Our neighborhood mesh network began with a practical problem: several streets had unreliable broadband, while a nearby apartment building had affordable fiber service. Instead of waiting for another provider, residents formed a cooperative ISP. The cooperative leases a business fiber circuit, operates the gateway and routing infrastructure, and distributes connectivity through rooftop wireless links. Members pay monthly dues that cover transit, equipment replacement, insurance, and a small reserve for expansion.

## Network Architecture

The network uses a hybrid topology rather than a pure consumer-style mesh. Stable rooftops and community buildings form the backbone with directional 5 GHz and 60 GHz point-to-point links. Smaller relay nodes connect to at least two backbone sites when possible, while subscriber radios attach to the nearest suitable relay. This design preserves redundant paths without forcing every packet through several low-capacity radios.

Each router runs an interior routing protocol that measures link quality and automatically selects viable paths. Subscriber traffic is carried in separate VLANs to prevent members from accessing one another's devices, and IPv6 prefixes are delegated directly to homes. IPv4 uses carrier-grade NAT because obtaining portable address space remains expensive for a small cooperative.

```ini
# Example Babel interface configuration
[interface "mesh0"]
type = "tunnel"
rxcost = 96
hello-interval = 4
enable-timestamps = true
```

## Operations and Reliability

Monitoring is as important as radio placement. Every backbone node reports latency, packet loss, signal strength, temperature, and available battery runtime to a central dashboard. Alerts go to an on-call rotation of trained volunteers, but configuration changes require review by a second operator. Nodes keep their last known-good configuration locally, allowing them to continue routing during a management-server outage.

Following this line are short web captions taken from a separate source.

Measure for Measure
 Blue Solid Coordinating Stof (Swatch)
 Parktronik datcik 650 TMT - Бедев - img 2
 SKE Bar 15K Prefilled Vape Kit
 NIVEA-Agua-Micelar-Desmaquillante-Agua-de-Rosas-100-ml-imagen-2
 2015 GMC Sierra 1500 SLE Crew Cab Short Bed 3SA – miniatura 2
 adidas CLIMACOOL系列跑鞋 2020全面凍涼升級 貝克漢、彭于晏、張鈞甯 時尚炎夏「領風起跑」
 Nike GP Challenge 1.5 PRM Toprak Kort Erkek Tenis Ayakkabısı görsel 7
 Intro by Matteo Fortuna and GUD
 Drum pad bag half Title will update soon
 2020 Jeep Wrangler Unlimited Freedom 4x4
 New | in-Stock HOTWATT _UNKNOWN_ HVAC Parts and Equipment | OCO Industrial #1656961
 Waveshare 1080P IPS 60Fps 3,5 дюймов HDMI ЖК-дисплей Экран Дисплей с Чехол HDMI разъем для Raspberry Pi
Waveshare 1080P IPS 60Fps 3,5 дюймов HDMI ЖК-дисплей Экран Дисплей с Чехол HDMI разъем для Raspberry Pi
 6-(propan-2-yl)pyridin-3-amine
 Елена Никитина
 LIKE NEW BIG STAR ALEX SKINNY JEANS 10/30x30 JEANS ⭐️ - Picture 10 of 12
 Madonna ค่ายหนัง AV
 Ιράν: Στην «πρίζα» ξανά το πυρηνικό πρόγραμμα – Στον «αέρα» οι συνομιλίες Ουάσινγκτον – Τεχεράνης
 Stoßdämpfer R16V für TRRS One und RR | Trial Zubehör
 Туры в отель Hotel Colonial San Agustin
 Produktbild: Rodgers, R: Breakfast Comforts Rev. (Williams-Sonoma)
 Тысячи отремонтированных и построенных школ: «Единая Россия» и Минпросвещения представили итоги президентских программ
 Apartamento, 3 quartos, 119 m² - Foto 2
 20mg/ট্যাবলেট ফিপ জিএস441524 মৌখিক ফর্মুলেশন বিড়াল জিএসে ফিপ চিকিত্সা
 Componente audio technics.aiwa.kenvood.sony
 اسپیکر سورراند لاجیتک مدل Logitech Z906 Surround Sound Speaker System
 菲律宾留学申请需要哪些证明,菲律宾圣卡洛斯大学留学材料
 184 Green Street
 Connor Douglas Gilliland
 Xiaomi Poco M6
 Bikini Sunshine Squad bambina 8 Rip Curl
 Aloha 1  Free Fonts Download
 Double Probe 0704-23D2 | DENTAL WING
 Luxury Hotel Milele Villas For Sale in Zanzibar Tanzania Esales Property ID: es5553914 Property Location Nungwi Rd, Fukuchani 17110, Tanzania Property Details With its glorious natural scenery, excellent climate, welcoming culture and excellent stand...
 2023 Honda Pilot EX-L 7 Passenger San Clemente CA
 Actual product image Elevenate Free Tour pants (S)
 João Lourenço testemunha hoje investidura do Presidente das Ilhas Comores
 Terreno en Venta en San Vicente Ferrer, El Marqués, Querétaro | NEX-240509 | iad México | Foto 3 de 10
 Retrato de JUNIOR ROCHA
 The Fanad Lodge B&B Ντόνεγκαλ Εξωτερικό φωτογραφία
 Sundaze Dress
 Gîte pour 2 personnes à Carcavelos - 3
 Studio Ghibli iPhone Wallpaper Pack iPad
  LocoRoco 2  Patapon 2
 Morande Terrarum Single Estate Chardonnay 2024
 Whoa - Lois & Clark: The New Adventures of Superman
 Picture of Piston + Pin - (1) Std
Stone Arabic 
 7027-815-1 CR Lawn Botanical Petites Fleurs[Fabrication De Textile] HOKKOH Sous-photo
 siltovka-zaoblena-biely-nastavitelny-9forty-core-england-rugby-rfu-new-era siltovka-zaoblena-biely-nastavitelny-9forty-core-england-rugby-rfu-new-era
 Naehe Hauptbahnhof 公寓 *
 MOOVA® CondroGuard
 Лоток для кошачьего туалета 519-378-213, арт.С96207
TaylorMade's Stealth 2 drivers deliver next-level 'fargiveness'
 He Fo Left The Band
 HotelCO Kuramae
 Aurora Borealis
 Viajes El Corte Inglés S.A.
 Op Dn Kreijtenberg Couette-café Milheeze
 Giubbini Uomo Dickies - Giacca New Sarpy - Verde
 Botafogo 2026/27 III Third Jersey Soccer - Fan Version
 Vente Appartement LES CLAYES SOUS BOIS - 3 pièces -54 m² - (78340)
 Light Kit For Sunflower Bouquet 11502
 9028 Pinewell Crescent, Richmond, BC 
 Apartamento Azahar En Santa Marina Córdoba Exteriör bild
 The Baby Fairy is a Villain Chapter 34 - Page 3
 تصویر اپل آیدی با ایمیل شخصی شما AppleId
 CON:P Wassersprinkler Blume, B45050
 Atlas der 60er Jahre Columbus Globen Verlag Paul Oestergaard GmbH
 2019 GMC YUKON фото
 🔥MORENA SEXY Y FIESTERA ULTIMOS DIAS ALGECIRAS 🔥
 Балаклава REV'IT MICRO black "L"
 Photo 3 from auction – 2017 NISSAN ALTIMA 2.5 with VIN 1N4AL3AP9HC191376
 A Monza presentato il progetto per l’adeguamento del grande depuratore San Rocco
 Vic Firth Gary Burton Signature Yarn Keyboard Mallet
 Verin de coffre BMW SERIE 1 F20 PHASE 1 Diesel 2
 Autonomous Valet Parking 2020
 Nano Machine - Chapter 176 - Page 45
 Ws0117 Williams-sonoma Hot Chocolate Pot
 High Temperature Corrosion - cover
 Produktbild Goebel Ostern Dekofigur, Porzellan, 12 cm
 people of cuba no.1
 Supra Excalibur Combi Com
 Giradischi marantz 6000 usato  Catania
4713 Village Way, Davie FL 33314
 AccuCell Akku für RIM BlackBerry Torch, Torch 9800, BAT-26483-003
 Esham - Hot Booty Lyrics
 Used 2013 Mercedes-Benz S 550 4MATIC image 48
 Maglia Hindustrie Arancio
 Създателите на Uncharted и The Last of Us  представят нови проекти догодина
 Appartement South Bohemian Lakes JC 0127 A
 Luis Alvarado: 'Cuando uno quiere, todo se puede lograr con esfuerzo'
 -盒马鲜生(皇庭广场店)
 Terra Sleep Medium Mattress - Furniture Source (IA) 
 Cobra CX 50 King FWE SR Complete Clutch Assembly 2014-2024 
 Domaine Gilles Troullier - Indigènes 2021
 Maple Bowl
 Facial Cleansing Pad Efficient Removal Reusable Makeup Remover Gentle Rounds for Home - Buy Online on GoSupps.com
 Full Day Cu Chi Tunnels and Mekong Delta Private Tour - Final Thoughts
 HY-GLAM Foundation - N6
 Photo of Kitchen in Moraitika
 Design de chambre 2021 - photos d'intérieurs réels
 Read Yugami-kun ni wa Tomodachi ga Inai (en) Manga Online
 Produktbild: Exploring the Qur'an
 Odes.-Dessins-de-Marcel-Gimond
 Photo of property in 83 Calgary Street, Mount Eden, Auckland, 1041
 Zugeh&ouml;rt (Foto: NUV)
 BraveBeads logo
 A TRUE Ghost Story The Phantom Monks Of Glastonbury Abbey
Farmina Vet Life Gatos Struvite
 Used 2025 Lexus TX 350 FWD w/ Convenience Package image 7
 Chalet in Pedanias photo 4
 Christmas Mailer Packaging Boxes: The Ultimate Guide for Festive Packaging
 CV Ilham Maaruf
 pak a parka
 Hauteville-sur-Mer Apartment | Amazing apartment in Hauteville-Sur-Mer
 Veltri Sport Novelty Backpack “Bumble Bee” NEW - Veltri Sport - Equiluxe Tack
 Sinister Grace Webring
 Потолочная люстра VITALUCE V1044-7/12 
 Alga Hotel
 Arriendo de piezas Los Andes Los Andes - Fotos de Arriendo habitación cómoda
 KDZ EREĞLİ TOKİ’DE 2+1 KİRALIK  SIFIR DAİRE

## Capacity, Policy, and Growth

The cooperative publishes expected speeds instead of advertising an unrealistic maximum. During busy hours, fair-queueing limits the impact of large downloads and keeps video calls responsive. New installations require a line-of-sight survey, documented mounting approval, and enough projected capacity on the upstream path. That discipline makes growth slower, but it prevents a popular relay from quietly becoming the bottleneck for an entire block.

## Lessons Learned

The hardest parts were organizational rather than technical: negotiating rooftop access, documenting maintenance responsibilities, and ensuring that knowledge did not remain with one volunteer. Clear governance, standardized hardware, spare radios, and written recovery procedures turned an experimental mesh into a credible local ISP. The result is not free internet; it is community-owned infrastructure whose costs, limitations, and priorities are visible to the people who depend on it.